La letteratura del IV secolo fu, per molti aspetti, instabile quanto il secolo che si trovò a riflettere. La
tragedia esaurì la propria vitalità e originalità con il declino dell’Atene democratica, mentre la commedia
subì un processo di depoliticizzazione e contestuale internazionalizzazione. In ambito storiografico, si
adottarono nuove forme di organizzazione e focalizzazione dei dati, dalle storie universali alle storie locali,
mentre l’oratoria -soprattutto ateniese- produsse i suoi frutti più maturi con l’attività di Isocrate e
Demostene.
Non si verificò la nascita di generi nuovi ma la variazione e l’affinamento di alcuni dei principali generi
esistenti: un affinamento che andò di pari passo con la progressiva specializzazione dell’attività letteraria.
Emersero orientamenti diversi e spesso contrastanti in merito alle modalità di insegnamento retorico e, in
generale, alle forme più adeguate per impostare l’educazione dei giovani. Platone affrontò il problema
pedagogico nel libro VII della Repubblica, discutendo le modalità e le tempistiche dell’insegnamento che
dovrebbe essere impartito ai giovani e individuando il cardine del proprio sistema educativo nella dialettica.
Per Platone le procedure educative dovevano essere simili a quelle del discorso filosofico, portando così
all’acquisizione di capacità di organizzazione e formulazione dei concetti.
Platone si rifaceva con ciò al modello maieutico di insegnamento e indagine filosofica appreso dal maestro
Socrate; nella scia di un altro maestro si ponevano le teorie pedagogiche e retoriche di Isocrate e
Alcidamante, entrambi allievi di Gorgia, che focalizzarono la propria attenzione sulla eloquenza pura,
prediligendo però due diversi metodi di esercizio e sviluppo della capacità di parlare. Alcidamante
sosteneva una formazione all’uso orale della lingua e all’improvvisazione, che rendesse l’oratore capace di
far fronte a qualsiasi situazione gli si proponesse.
La posizione di Alcidamante costituiva una risposta alla progressiva affermazione della scrittura come
strumento non solo di diffusione delle opere letterarie, ma anche di elaborazione e composizione.

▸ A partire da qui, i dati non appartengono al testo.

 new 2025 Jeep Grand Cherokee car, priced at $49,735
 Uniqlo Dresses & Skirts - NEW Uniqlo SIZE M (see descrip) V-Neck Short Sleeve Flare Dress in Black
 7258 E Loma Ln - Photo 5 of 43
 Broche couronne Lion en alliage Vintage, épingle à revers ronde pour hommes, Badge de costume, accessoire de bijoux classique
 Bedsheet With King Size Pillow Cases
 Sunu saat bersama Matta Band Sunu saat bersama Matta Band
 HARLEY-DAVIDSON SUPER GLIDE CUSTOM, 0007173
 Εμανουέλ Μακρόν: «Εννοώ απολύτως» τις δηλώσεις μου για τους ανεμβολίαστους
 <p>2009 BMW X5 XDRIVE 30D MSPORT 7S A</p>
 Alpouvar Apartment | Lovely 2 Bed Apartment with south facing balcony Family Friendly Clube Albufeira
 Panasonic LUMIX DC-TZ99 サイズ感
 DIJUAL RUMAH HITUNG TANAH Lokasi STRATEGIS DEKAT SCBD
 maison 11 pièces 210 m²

La critica
alla scrittura accomunava Alcidamante a Platone, che si ponevano agli antipodi rispetto all’insegnamento
retorico di Isocrate.
Il IV secolo segnò la definitiva penetrazione della scrittura nelle abitudini di divulgazione e fruizione della
letteratura, ma soprattutto nelle prassi di ideazione ed elaborazione delle opere. Tanto la fortuna del
modello pedagogico isocrateo, quanto l’affermazione del sistema filosofico di Aristotele e delle procedure
di conservazione e ampliamento delle conoscenze applicate nella sua scuola possono essere considerate
manifestazione e cause concomitanti di un processo inarrestabile.